From a legal perspective, planning ahead means entering into a prenuptial or postnuptial agreement. Indiana law recognizes the validity and enforceability of both types of agreements, with the only significant difference being whether the agreement is signed prior to or during the marriage. In addition, although entering into a prenuptial or postnuptial agreement involves much more than simply planning for the possibility of divorce, it is worth noting up front that these agreements can override Indiana’s default “marital pot” rule as well, and this can be of significant benefit for both spouses.
So, what topics can (and should) you address in your prenuptial or postnuptial agreement? Every couple’s circumstances are unique, and preparing a prenuptial or postnuptial agreement is a deeply personal exercise that requires careful consideration of the unique aspects of your personal finances, family history, and relationship with your fiancé or spouse. Generally speaking, the types of provisions that couples can include in their prenuptial and postnuptial agreements include the following:
Under Indiana’s “marital pot” rule, any assets owned by either spouse are deemed to be jointly owned by both spouses. Unlike other states, in Indiana, this is true for assets acquired prior to and during the marriage. As a result, if one spouse or both spouses is bringing substantial wealth into the marriage, entering into a prenuptial or postnuptial agreement can help ensure that these “separate” assets receive the spouses’ desired treatment at the time of death (or divorce).
While this can serve a variety of different interests, it can be particularly important for spouses with children from prior relationships. With Indiana’s marital pot rule, an estate plan can only do so much to protect family heirlooms, accumulated wealth and other prized possessions. With a prenuptial or postnuptial agreement in place, both spouses can be confident that their estate plans will be enforced and administered as intended.
Prenuptial and postnuptial agreements can be used to confirm and establish liability for pre-existing and newly-incurred debts as well. While there are some restrictions here – a prenuptial or postnuptial agreement generally will not override spouses’ shared liability for a jointly-incurred debt – there are a number of reasons why spouses may want to formally address their obligations to creditors. For example, both spouses may wish to establish a payment plan for reducing or eliminating one spouse’s (or both spouses’) credit card debt. Or, spouses may wish to agree that one will assist with paying off the other’s school loans, or that they will jointly take on educational loans if one spouse wishes to go back to school in the future.
When two individuals have divergent spending and savings habits, entering into a prenuptial or postnuptial agreement can be an effective way to manage family finances without facing ongoing stress and disagreements. Fiancés and spouses can include provisions in their prenuptial and postnuptial agreements that address topics such as:
Entering into a prenuptial or postnuptial agreement can serve tax planning functions as well. Will you and your spouse file jointly or individually? What deductions will you claim? What steps will you each take in order to help minimize your overall federal and state income tax liability?
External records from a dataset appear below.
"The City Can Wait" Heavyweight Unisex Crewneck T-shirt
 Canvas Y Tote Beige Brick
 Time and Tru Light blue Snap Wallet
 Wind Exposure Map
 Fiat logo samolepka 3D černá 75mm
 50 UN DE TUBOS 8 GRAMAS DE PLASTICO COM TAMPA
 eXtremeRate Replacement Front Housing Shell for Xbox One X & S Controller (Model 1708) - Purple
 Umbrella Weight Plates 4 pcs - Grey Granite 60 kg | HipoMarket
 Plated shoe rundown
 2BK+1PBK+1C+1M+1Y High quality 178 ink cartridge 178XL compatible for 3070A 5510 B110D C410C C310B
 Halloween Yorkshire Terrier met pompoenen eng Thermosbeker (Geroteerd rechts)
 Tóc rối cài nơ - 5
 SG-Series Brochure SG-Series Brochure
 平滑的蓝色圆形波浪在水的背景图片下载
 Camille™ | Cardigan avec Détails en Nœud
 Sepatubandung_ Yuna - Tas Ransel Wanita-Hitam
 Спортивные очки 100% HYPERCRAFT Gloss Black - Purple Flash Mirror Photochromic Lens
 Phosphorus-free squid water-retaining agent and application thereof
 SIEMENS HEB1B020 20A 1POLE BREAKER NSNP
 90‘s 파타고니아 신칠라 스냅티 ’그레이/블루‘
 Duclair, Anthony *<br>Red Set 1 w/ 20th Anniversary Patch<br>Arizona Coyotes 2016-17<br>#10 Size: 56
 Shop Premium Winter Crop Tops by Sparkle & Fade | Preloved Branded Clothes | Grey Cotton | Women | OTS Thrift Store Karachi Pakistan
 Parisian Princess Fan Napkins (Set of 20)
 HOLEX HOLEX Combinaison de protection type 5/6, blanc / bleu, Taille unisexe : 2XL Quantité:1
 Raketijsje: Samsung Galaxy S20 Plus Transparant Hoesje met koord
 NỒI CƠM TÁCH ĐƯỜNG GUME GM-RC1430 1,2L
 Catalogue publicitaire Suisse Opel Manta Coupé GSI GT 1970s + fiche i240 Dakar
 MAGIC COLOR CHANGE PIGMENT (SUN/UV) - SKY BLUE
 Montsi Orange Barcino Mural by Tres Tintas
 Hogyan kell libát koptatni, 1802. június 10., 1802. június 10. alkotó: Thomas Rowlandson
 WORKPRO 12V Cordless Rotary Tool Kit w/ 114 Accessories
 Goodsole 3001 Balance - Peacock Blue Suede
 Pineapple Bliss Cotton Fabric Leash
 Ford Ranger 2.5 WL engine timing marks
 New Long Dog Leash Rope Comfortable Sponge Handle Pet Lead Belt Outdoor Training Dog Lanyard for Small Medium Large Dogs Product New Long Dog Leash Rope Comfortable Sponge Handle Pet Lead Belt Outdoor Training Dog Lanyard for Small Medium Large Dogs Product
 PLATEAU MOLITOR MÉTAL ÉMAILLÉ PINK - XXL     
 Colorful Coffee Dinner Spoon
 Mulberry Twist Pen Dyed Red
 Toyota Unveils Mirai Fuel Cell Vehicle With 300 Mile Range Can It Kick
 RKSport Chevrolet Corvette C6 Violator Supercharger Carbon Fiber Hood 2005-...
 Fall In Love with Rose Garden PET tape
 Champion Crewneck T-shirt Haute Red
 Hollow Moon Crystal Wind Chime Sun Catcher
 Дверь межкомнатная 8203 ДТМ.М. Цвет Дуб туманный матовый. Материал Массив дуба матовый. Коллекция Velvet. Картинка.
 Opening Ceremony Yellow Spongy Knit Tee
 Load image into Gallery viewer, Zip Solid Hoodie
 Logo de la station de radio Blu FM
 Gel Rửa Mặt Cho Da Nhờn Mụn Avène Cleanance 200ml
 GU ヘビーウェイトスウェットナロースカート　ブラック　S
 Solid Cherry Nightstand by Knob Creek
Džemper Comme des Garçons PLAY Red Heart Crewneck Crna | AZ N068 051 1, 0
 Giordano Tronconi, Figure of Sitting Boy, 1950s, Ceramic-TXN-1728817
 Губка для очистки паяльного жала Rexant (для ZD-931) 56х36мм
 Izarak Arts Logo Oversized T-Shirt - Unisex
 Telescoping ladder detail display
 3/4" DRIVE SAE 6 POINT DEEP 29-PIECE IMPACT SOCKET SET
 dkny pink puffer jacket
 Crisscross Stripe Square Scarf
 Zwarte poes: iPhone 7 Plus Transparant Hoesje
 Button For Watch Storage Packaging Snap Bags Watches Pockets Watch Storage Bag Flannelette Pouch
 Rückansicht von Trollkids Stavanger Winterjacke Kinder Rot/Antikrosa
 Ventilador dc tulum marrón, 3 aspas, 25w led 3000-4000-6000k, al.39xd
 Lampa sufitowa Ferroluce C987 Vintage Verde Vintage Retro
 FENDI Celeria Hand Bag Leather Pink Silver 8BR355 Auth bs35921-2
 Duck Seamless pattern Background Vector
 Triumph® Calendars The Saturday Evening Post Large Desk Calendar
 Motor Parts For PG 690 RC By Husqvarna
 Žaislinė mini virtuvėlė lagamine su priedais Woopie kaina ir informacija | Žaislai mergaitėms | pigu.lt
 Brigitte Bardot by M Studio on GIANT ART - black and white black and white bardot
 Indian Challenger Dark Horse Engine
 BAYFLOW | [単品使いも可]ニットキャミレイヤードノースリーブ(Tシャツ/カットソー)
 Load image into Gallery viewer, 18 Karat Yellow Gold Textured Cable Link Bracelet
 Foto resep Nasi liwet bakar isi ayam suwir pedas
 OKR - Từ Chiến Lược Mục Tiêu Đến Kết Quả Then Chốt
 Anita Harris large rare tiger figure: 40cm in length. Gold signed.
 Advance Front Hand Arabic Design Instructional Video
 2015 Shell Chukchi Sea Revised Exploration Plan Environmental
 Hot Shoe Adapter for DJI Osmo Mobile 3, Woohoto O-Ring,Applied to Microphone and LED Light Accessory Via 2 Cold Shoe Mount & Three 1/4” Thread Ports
Disagreements during marriage are common, and they can even be healthy if managed constructively. But, what will you do if you and your spouse reach an impasse? Even if you do not foresee any major disagreements based upon your current relationship, it can still be worthwhile to put in place a plan for addressing significant disagreements if and when they arise. The options for resolving differences among married couples are almost endless, and range from setting aside time to speak without hostility to committing to mediation or couples’ counseling.
If you or your fiancé or spouse owns a business, entering into a prenuptial or postnuptial agreement can help ensure continuity and control while avoiding questions of involvement and ownership down the line. Dealing with a privately-held business in a divorce can be a complicated process; and, even if you have no plans to get divorced currently, going through the exercise of addressing ownership and control can be beneficial for your marriage in addition to serving to protect your company should your marriage come to an end.
If you and your fiancé or spouse both work, what will you do with regard to raising your children? Will one of you stay home? Will you hire a nanny or au pair? Regardless, how will you divide childrearing responsibilities when each of you are available to spend time with your children? These are difficult questions, and many couples put off answering them for too long.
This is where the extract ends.